Rebecca Walersteiner
PAPERBACKS
Drinking and Driving in Chechnya by Peter Gonda (Periscope Books £9.99; offer price, £9.49)This economical, stinging debut novel conjures up an extraordinary sense of place, normally found in the best travel books or war journalism. It is the 1990s and, while Russia struggles to define itself after the collapse of the USSR , cynical ‘tough guy’ Leonid makes an uneasy living driving illicit vodka across the country. A wrong turn in the Caucasus leaves him marooned in Grozny, Chechnya, during the Russian bombardment. Gonda’s style is as muscular as Hemingway’s, while evoking the sheer terror of civilians in a total war. A Russian Heart Of Darkness.
Steve Barfield
If You Go Away by Adele Parks (Headline Review, £7.99; offer price, £7.59)

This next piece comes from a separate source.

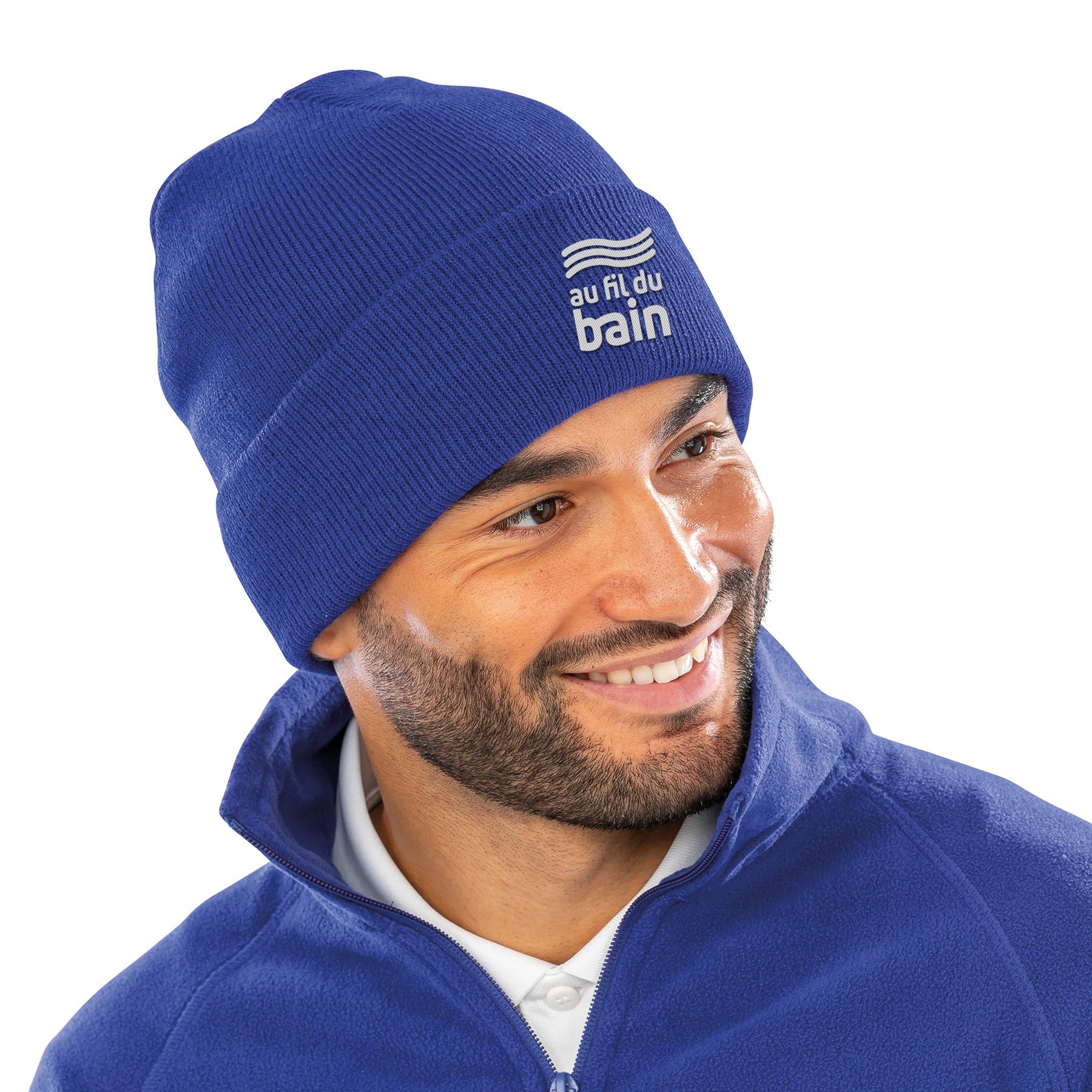 Bonnet à revers bleu roi porté, logo Au Fil du Bain brodé blanc au centre du revers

Parks’s latest is set in wartime England and centres around Vivian, a debutante who compromises her reputation with a bounder. To stifle the scandal, Vivian is forced to marry an older man she does not love. When he goes off to war, he sends her to his family’s remote country house. There she meets Howard, a playwright and conscientious objector. The two begin an affair, but then Howard changes his stance and enlists, leaving Vivian alone wondering which man (if any) will come home to her. Renowned for her chick-lit novels and ‘telling it like it is’, Parks has written a slow-burning read that picks up its pace halfway through. A worthy follow-up to her bestselling Spare Brides.